Reputation: 87
I'm trying to combine two lists. List1 has 681 french verbs, List2 has the 681 translations. I'm using javascript, and node.js to read the files. Here's my attempt:
var frenchWords, englishWords, combinedList;
fs = require('fs')
// 1. read the french file
fs.readFile('frenchVerbsList.txt', 'utf8', function (err,data) {
if (err) {
return console.log("ERROR here!: " + err);
}
frenchWords = data.split('\n');
});
//read the english file
fs.readFile('englishVerbsList.txt', 'utf8', function (err,data2) {
if (err) {
return console.log("ERROR here!: " + err);
}
englishWords = data2.split('\n');
});
// 2. combine the lists
//*** it fails here, I'm guessing it's because the readFile operation hasn't finished yet.
var combinedList;
for(i=0; i<frenchWords.length; i++){
combinedList[i] = frenchWords[i] + ",,," + englishWords[i];
}
// 3. check the result
for(i=0; i<10; i++){
console.log(combinedList[i]);
}
Thanks very much for any help, I'm doing this to keep my mind active :-)
Upvotes: 1
Views: 724
Reputation: 707158
You are correct that the asynchronous nature of the fs.readFile()

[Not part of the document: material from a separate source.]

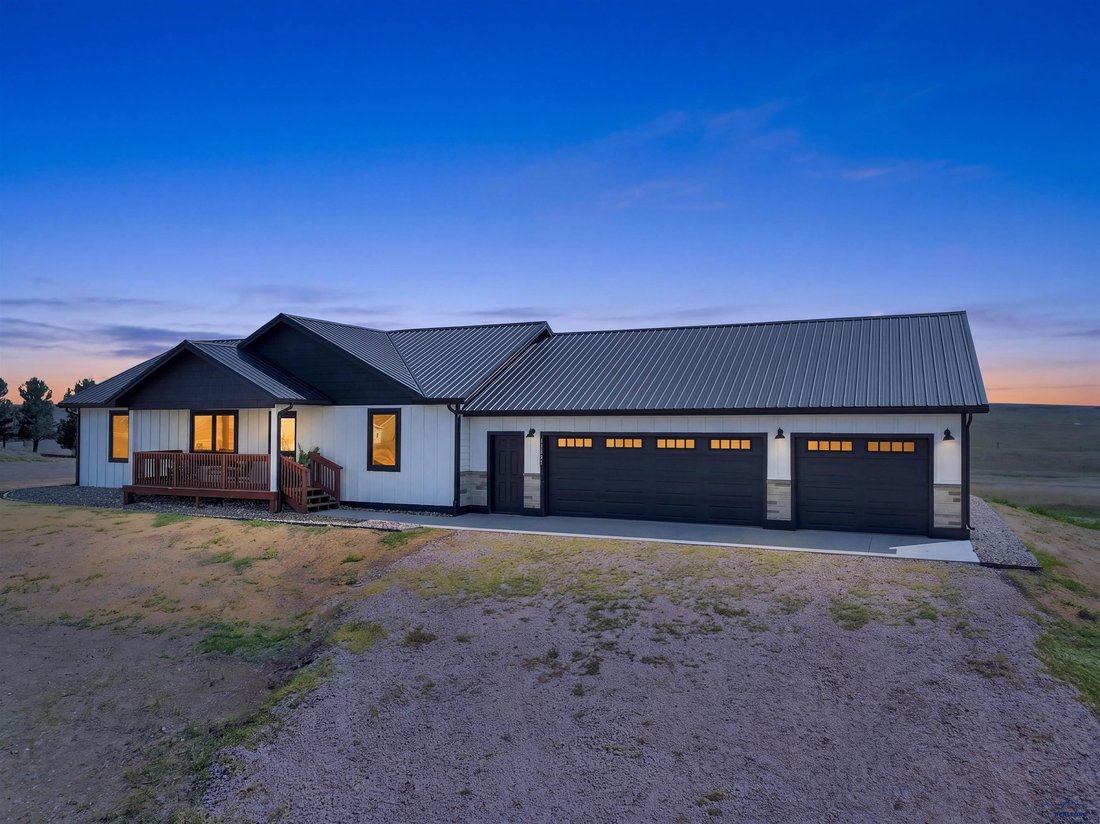 House in Box Elder, South Dakota, United States 1 - 18720873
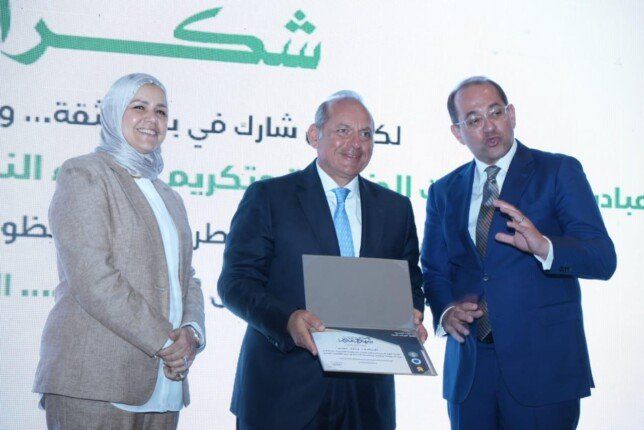 وزير المالية يكرم عددا من الممولين الداعمين للمسار الضريبي المحفز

callbacks is causing your issue.
Those callbacks are called at an indeterminate time in the future while the rest of your code continues to run. Because of the event driven design of node.js, the callbacks won't be called until the rest of your code finishes executing. Therefore, it is guaranteed that you will be trying to use the englishWords
and frenchWords
variables before they have any results in them.
You have a bunch of different options:
Switch to fs.readFileAsync (not recommended in most cases)
You can switch to using fs.readFileSync()
. This is the simplest change because your current flow of control will work. But, this is generally not recommended for node.js development because it's inefficient for server usage. If this code was in a server process that could/should maintain the ability to do other things while waiting for a file to be read, then fs.readFileSync()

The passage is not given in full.